Make Your Own: Terrarium
Terrariums are beautiful, low-maintenance focal points for a living space, and they also make wonderful gifts. They are completely closed-loop systems which are entirely self-sustaining. Soil, plants, and a bit of water are all enclosed within a glass container, and with a little natural light, a greenhouse effect is created. This helps trap heat and moisture, allowing the plants to grow.
- Large glass container or jar with lid
- Decent amount of small pebbles and activated charcoal - enough to fill the bottom of your glass container up to 2.5cm (1 inch)
- Potting soil appropriate for your plants - enough to fill the glass container at least halfway
- 2-3 plants of your choice
- Spray bottle with water
First determine what type of terrarium plants you would like to have. Succulents and cacti, which need less water, should be put in a glass container with an open top. Plants that like humidity, such as ferns, mosses, strawberry begonias and calathea are suitable for a closed container. Be sure to buy small specimens.

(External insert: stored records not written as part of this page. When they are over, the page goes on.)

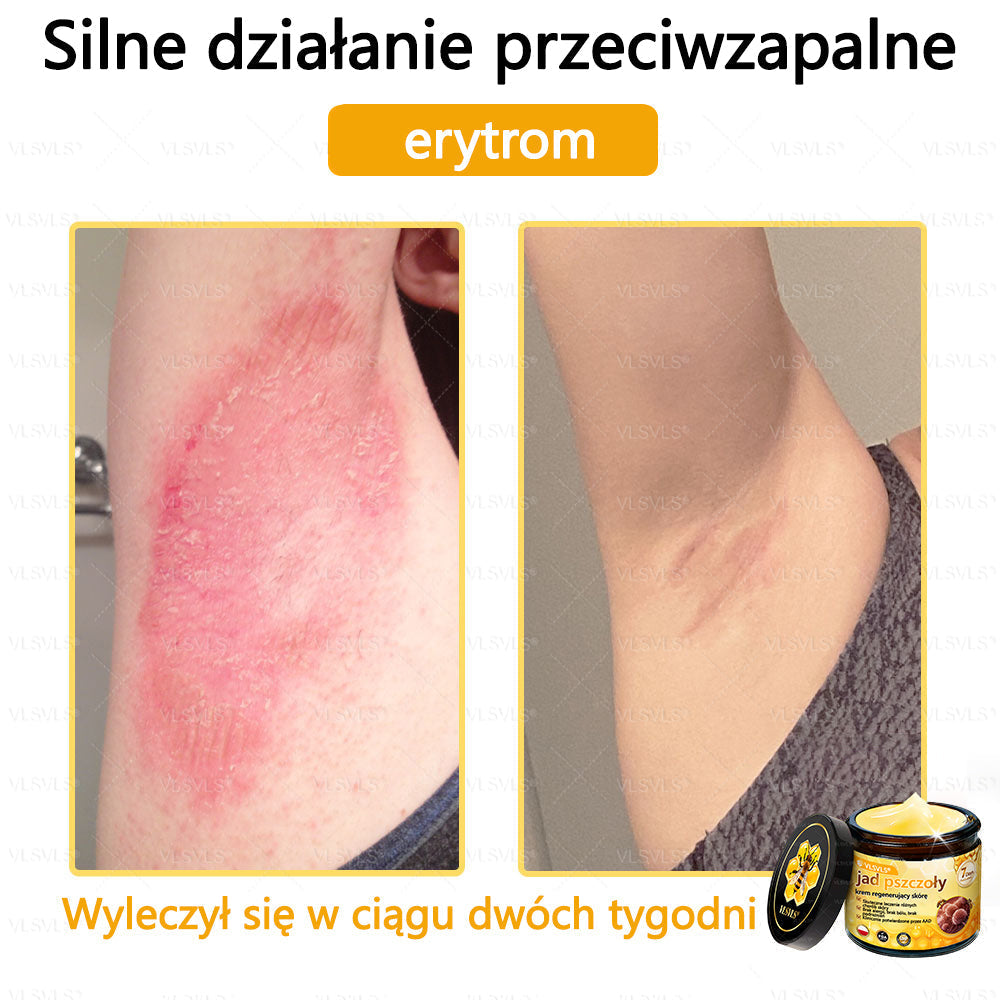 VLSVLS® Krem z jadem pszczelim do regeneracji skóry (👨⚕ odpowiedni dla wszystkich grup wiekowych, polecany przez AAD)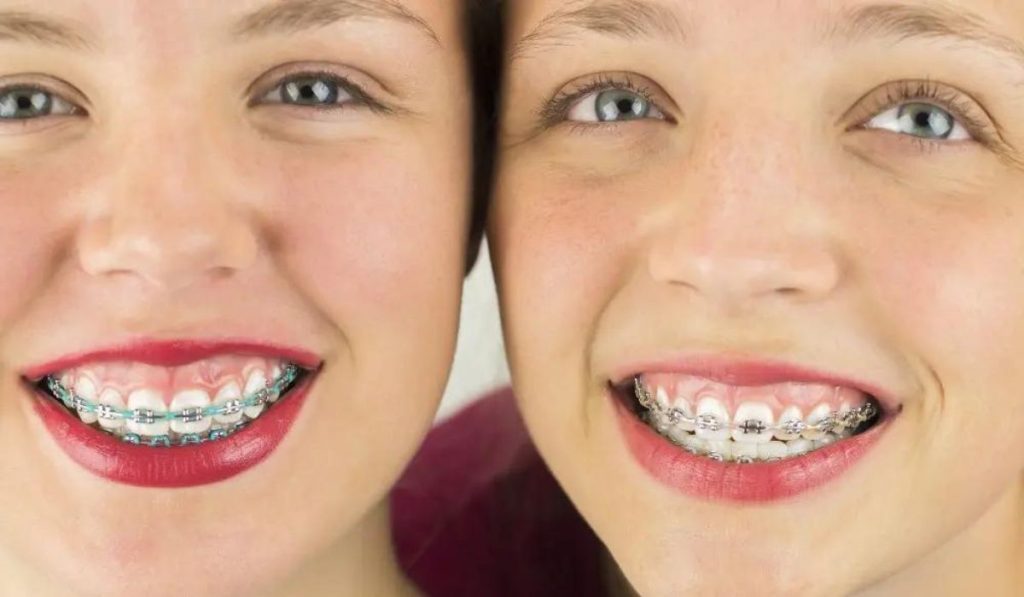 How to Care for Green Braces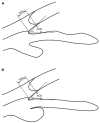 Fig. 17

Take your glass container and fill it 2.5cm high with small pebbles and activated charcoal. This will help drain excess water and discourage mould growth. The glass container I’ve used is an up cycled water jug with a small cork in the spout at the bottom to act as a plug. Reuse or repurpose your container is possible!
Place the potting soil on top of the pebbles and charcoal, and fill the terrarium container at least half way. Dig small grooves into the soil and carefully position the terrarium plants, ensuring that the roots are covered. Pat the soil down, and spray with a bit of water if it is dry.
Place the lid on top of your terrarium (if applicable for your plant species). A repurposed wooden trivet can be placed over the opening of the container as a lid option.
To take care of the terrarium, place it in indirect light, unless it contains succulents and cacti. You should notice that in the presence of light, the sides of the container will appear foggy and small water droplets will begin to form on the inside (the greenhouse effect). If you begin to notice mould, simply keep the lid open for a period of time to air out the system. If there is little to no fog or water droplets, spray with a little more water.